Evidence: Characterize Distribution is defined as describing the distribution of a quantitative attribute over a set of cases; the taxonomy states that users use distribution to understand normalcy versus anomaly and notes that some comparison questions are really questions about location within a distribution (Amar et al., 2005).
context
Use when the user needs spread or typicality
- User Goal: Understand what values are typical, how values are spread, or where one case falls relative to others.
- Task: Characterize the distribution of a quantitative attribute over a set.
- Data: A quantitative attribute measured across multiple cases.
- Chart Setting: An information visualization system that can operate on a selected subset of cases.

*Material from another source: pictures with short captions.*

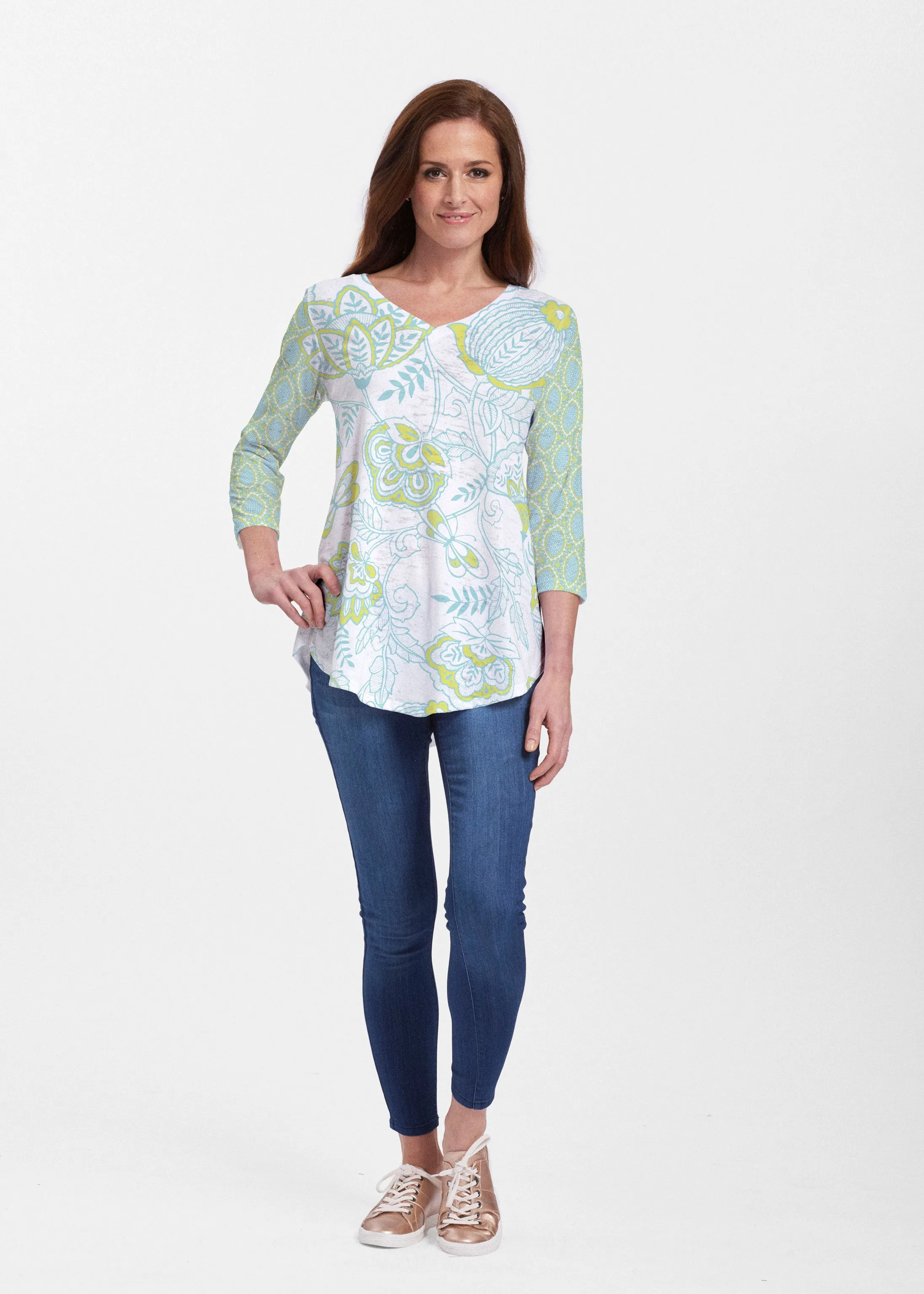 Namaste Lime (13374) ~ Signature V-neck Flowy Tunic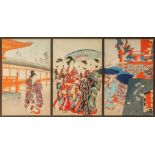 Triptych of Japanese woodblock prints format oban by Nobukazu, depicting beauties on a stroll, Meiji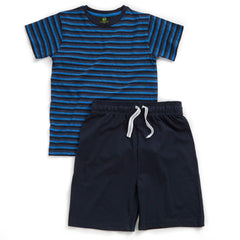 MINI ME Mens and Boys Blue Stripe Matching Lounge Sets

- Audience: Analysts exploring a dataset for structure and normalcy.
- Success Criterion: The system reveals the spread of values, not only exact lookups or one-number summaries.
exceptions
Do not use a distribution summary for span-only questions
Break it when: The user needs only the span of values or the list of unique values. Why: That is a range task, not a full distribution task.
costs
Tradeoffs of a distribution summary
Sacrifice: The output summarizes a set of values rather than returning one exact case value.
Risk: A distribution summary alone may not identify the exceptional cases that motivate follow-up.
Mitigation: Use a separate anomaly operation when the goal is to find exceptions.
mistakes
Common failure modes
Mistake: Replacing the full spread with only a single average when the real question is “how does this case compare to others.” Why it fails: That question is about location within a distribution, not only about the mean.
check
How to test distribution support
Failure Sign: Reviewers can read individual records or a single aggregate, but not the spread of a quantitative attribute.
Quick Check: Ask for the distribution of one quantitative attribute on a selected subset.
Stronger Test: Select one case and verify that the system can place it relative to the current spread.
fix
What to change
- Add a distribution summary that updates on the current set of cases.
- Let viewers inspect where a selected case falls within the current spread.
- Add a separate anomaly operation if the real goal is to identify exceptions.